DATASET EXTRACT
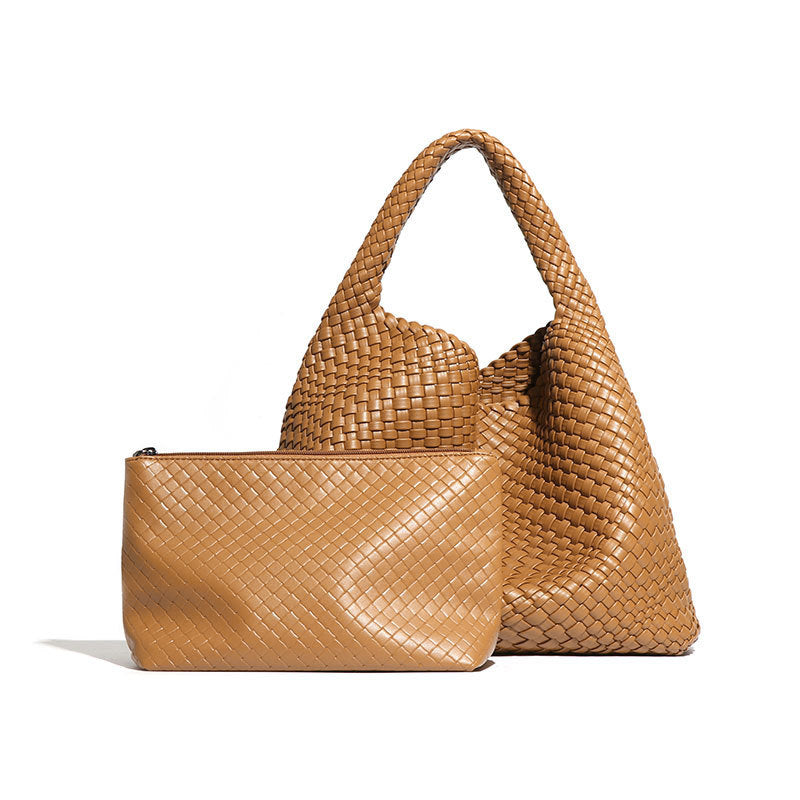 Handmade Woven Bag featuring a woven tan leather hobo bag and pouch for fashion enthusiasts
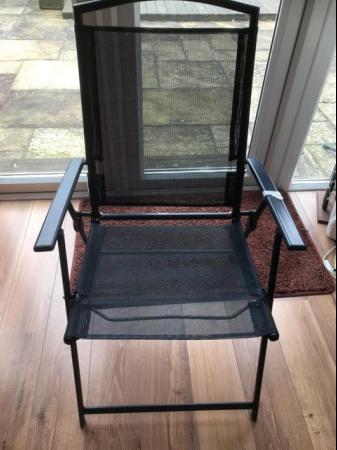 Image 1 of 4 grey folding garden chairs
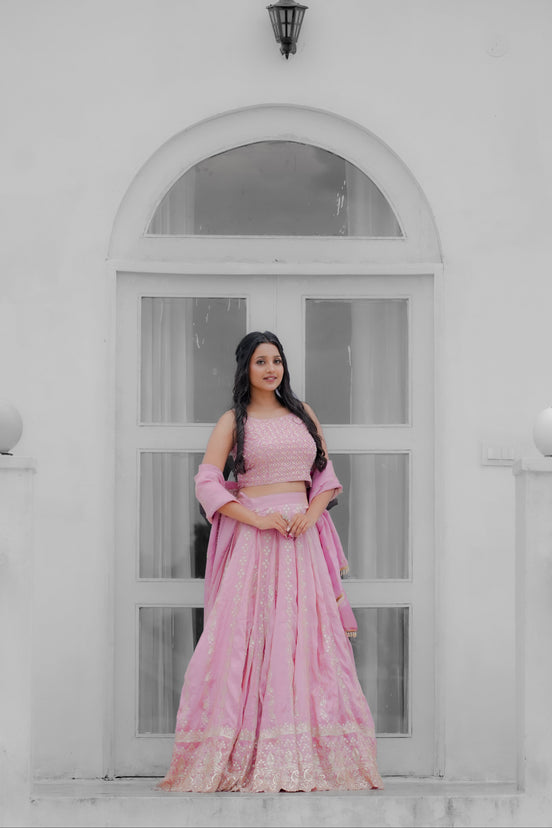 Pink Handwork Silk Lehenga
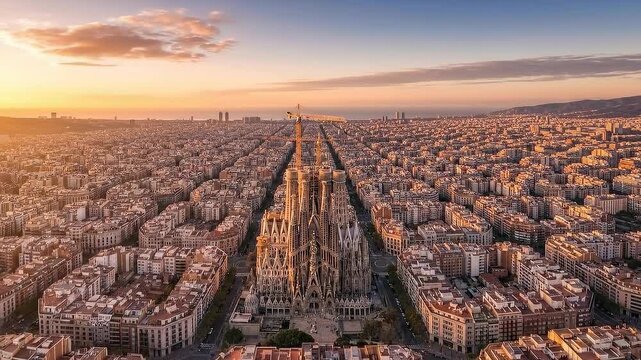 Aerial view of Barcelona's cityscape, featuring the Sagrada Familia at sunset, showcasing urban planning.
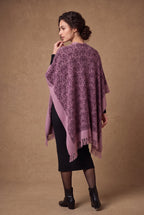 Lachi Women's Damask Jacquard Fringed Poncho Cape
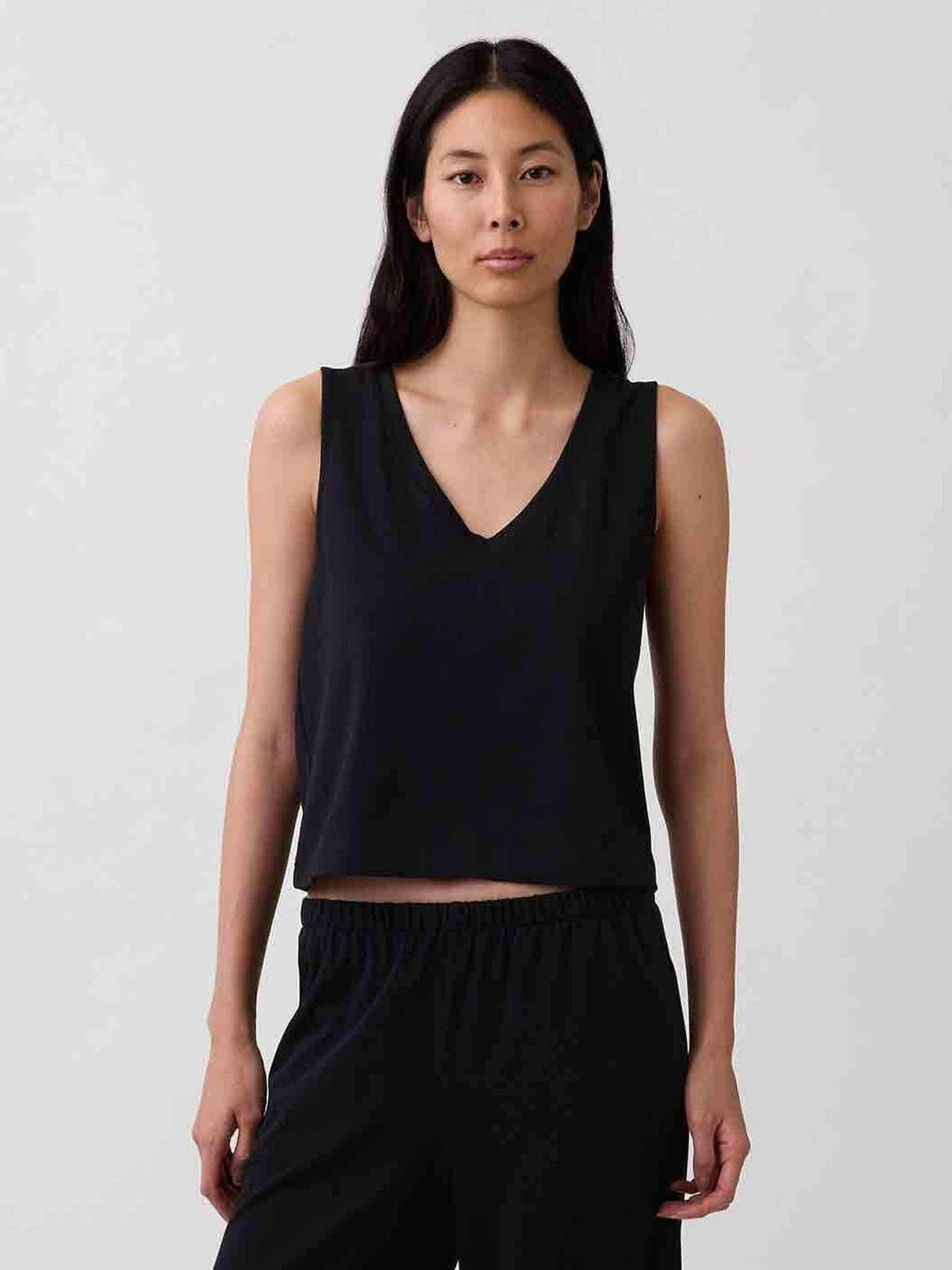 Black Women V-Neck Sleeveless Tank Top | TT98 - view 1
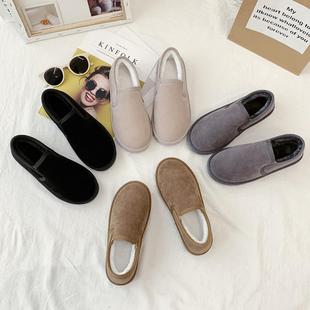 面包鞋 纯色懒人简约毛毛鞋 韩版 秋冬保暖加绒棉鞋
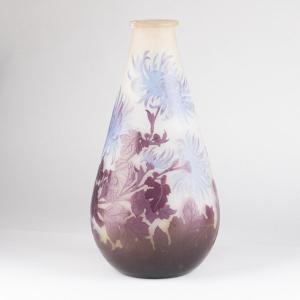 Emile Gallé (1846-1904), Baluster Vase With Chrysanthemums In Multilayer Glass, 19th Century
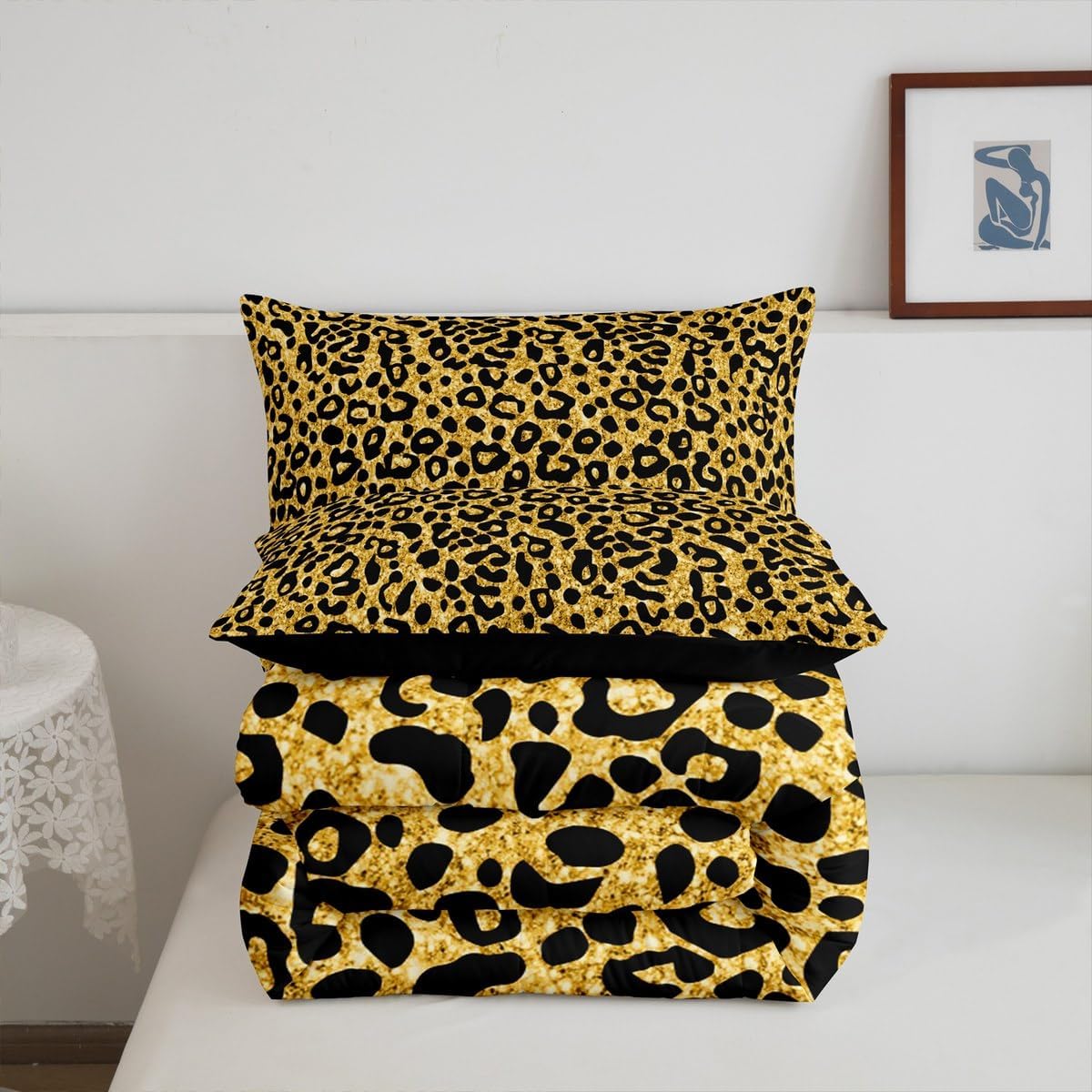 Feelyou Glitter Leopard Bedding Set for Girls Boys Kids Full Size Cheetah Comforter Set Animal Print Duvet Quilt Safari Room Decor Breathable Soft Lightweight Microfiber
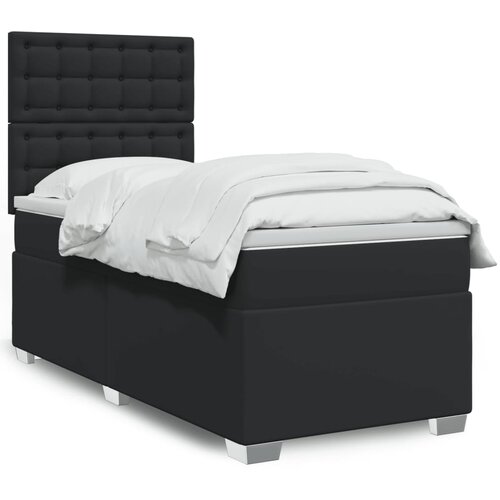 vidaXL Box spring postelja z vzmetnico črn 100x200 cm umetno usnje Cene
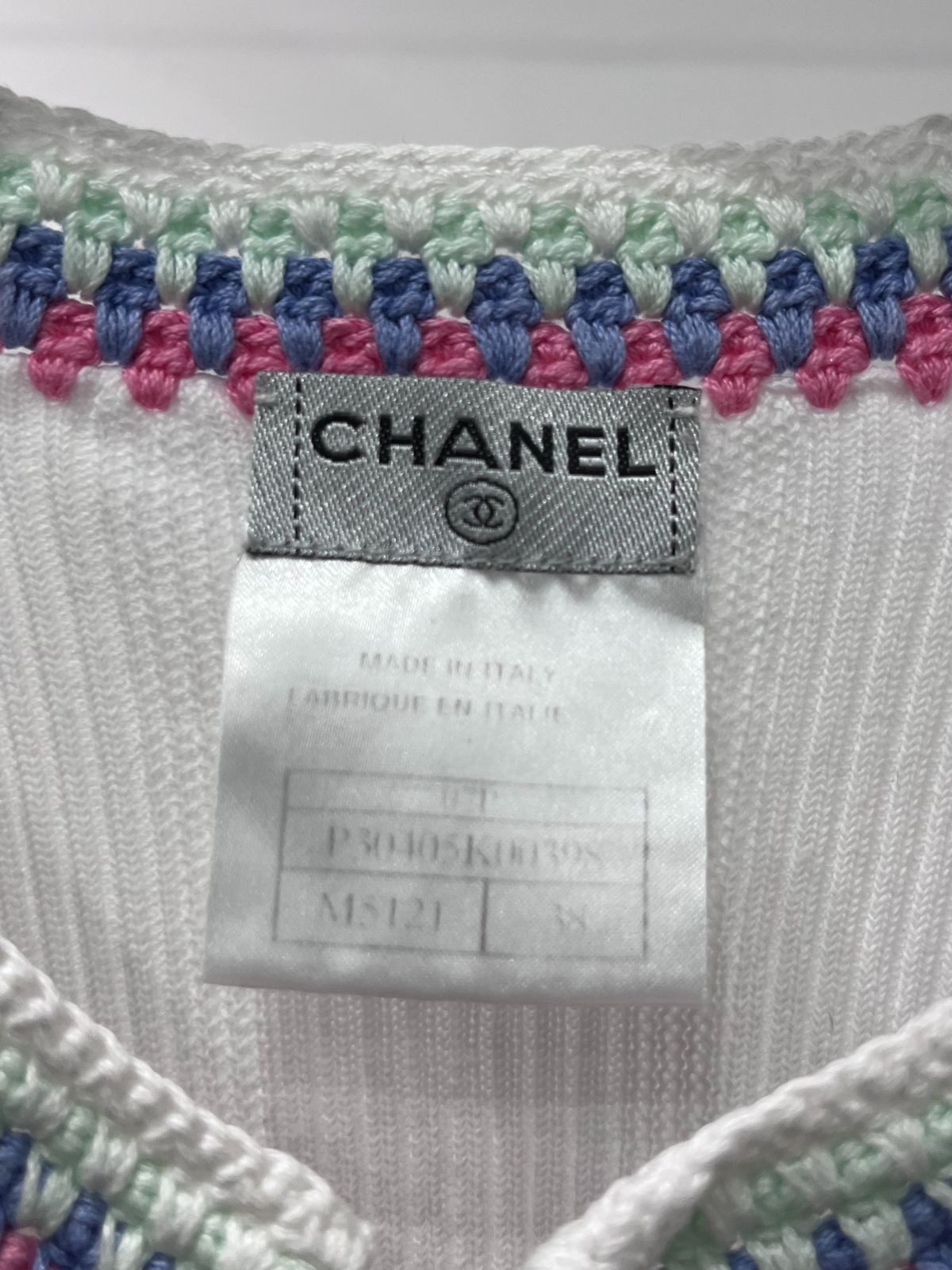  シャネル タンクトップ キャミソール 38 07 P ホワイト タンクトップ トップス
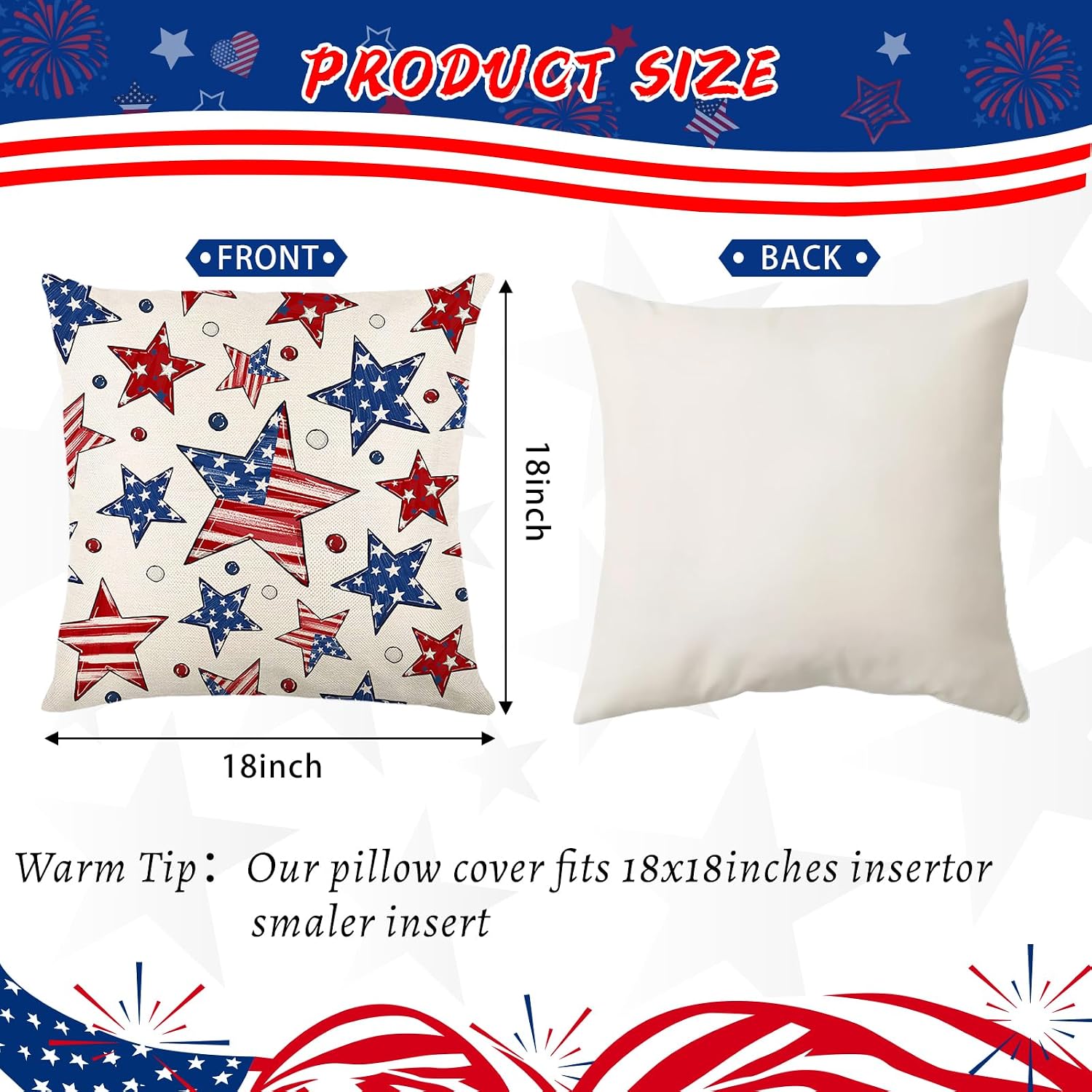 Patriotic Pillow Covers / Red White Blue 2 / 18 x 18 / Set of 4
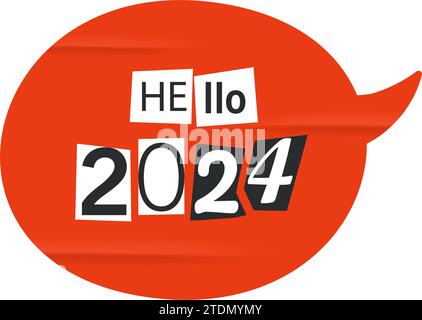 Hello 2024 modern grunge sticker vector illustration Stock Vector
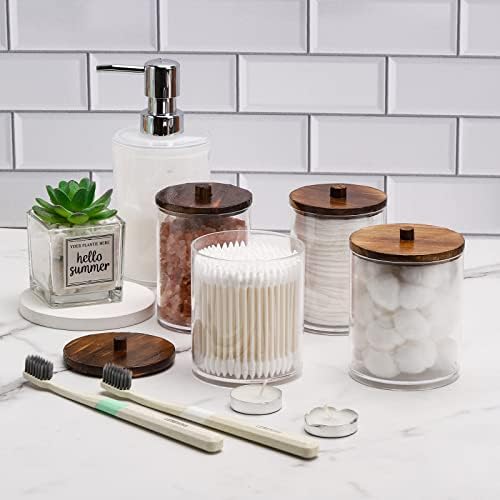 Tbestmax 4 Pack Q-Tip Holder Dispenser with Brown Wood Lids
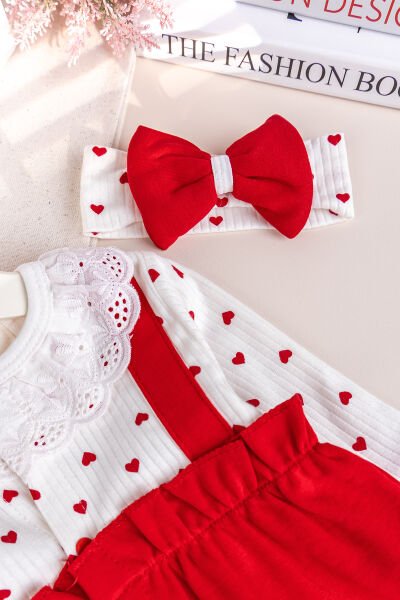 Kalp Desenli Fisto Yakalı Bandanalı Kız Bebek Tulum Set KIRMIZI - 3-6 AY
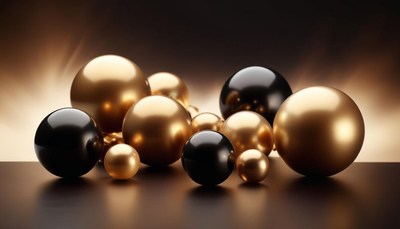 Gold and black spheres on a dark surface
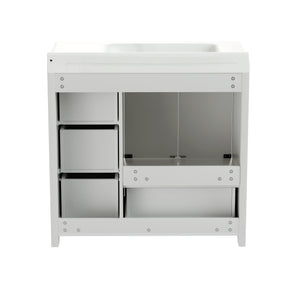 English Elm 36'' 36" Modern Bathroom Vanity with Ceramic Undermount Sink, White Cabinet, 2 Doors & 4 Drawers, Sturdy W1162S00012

WORK REQUEST
Keep the pictures out and transcribe the listing exactly.

SOLUTION FOR THIS TASK
 Handmade Woven Bag featuring a woven tan leather hobo bag and pouch for fashion enthusiasts
 Image 1 of 4 grey folding garden chairs
 Pink Handwork Silk Lehenga
 Aerial view of Barcelona's cityscape, featuring the Sagrada Familia at sunset, showcasing urban planning.
 Lachi Women's Damask Jacquard Fringed Poncho Cape
 Black Women V-Neck Sleeveless Tank Top | TT98 - view 1
 面包鞋 纯色懒人简约毛毛鞋 韩版 秋冬保暖加绒棉鞋
 Emile Gallé (1846-1904), Baluster Vase With Chrysanthemums In Multilayer Glass, 19th Century
 Feelyou Glitter Leopard Bedding Set for Girls Boys Kids Full Size Cheetah Comforter Set Animal Print Duvet Quilt Safari Room Decor Breathable Soft Lightweight Microfiber
 vidaXL Box spring postelja z vzmetnico črn 100x200 cm umetno usnje Cene
  シャネル タンクトップ キャミソール 38 07 P ホワイト タンクトップ トップス
 Patriotic Pillow Covers / Red White Blue 2 / 18 x 18 / Set of 4
 Hello 2024 modern grunge sticker vector illustration Stock Vector
 Tbestmax 4 Pack Q-Tip Holder Dispenser with Brown Wood Lids
 Kalp Desenli Fisto Yakalı Bandanalı Kız Bebek Tulum Set KIRMIZI - 3-6 AY
 Gold and black spheres on a dark surface
 English Elm 36'' 36" Modern Bathroom Vanity with Ceramic Undermount Sink, White Cabinet, 2 Doors & 4 Drawers, Sturdy W1162S00012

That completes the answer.